-- TASK TO CARRY OUT --
Transcribe all of the data exactly. Omit the pictures.
▼▼▼
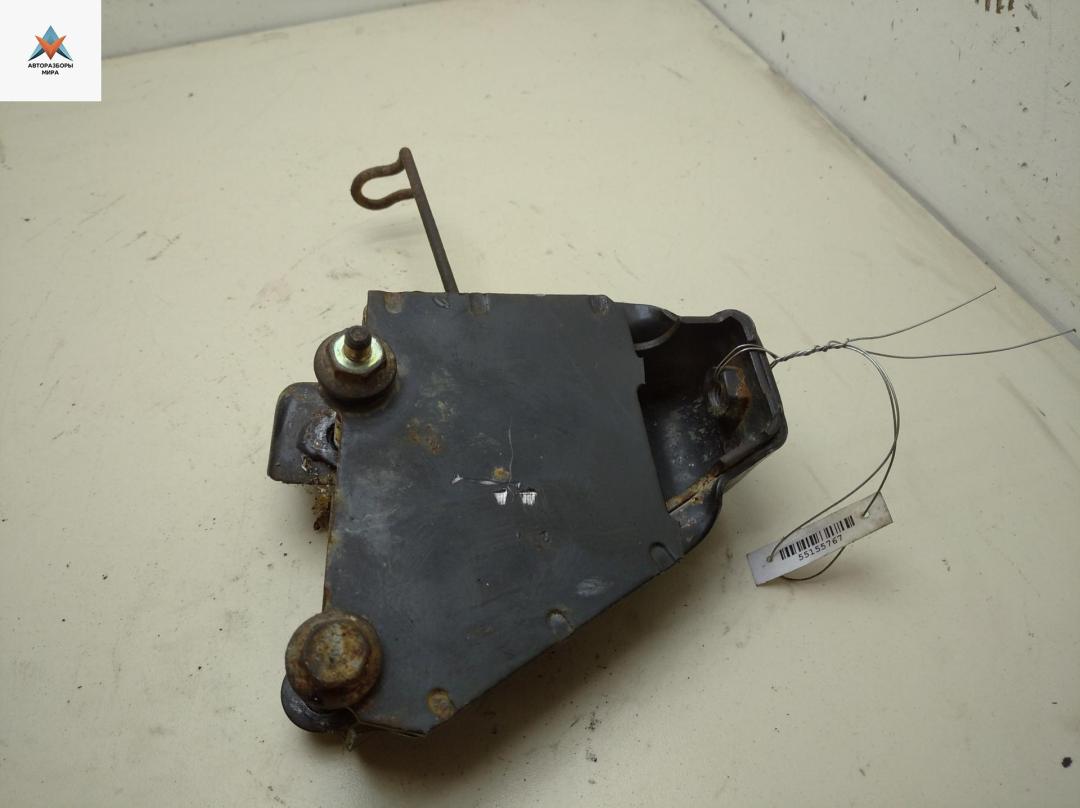 кронштейн КПП Volkswagen Transporter T4 1994, 2.4 л., дизель, МКПП, белый, микроавтобус - фото №1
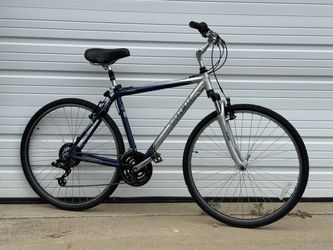 *NEW* TREK 7100 20" FRAME X 26" WHEELS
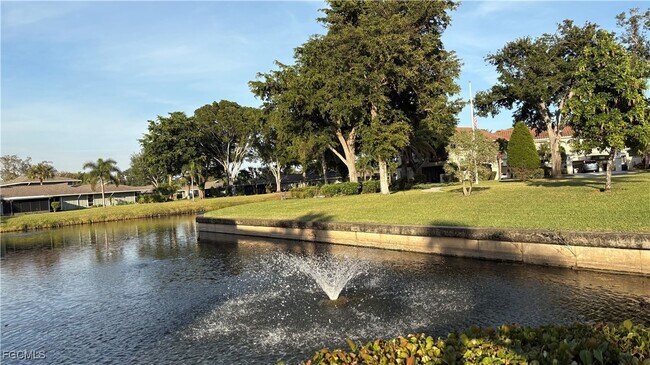 Building Photo - 9615 Halyards Ct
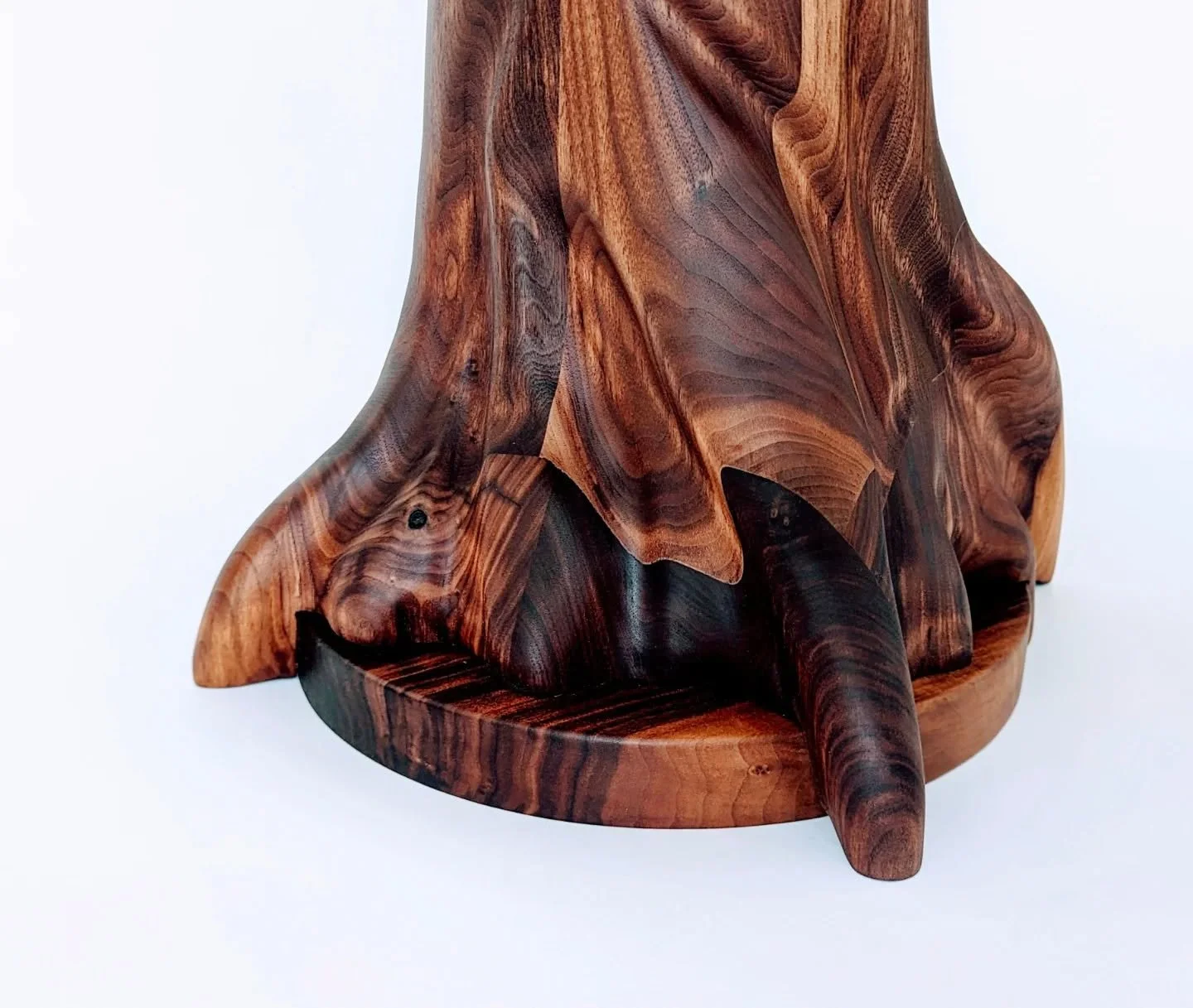 Can't wait to carve something again. 

#bevworks
#design #art
#woodworking #table
#diningtable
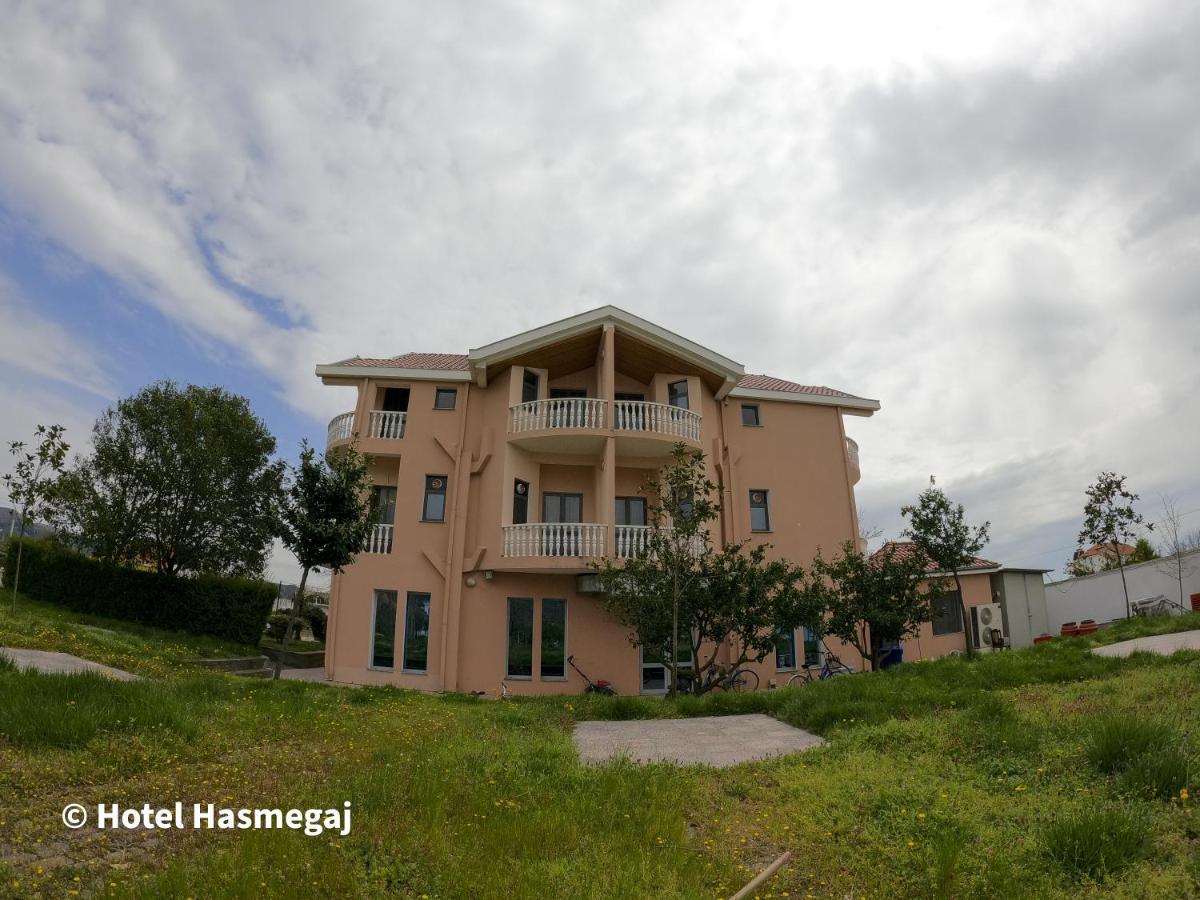 Hotel Hasmegaj Mahall' e Kryethuit Exterior photo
▲▲▲
-- RESPONSE --
 кронштейн КПП Volkswagen Transporter T4 1994, 2.4 л., дизель, МКПП, белый, микроавтобус - фото №1
 *NEW* TREK 7100 20" FRAME X 26" WHEELS
 Building Photo - 9615 Halyards Ct
 Can't wait to carve something again. 

#bevworks
#design #art
#woodworking #table
#diningtable
 Hotel Hasmegaj Mahall' e Kryethuit Exterior photo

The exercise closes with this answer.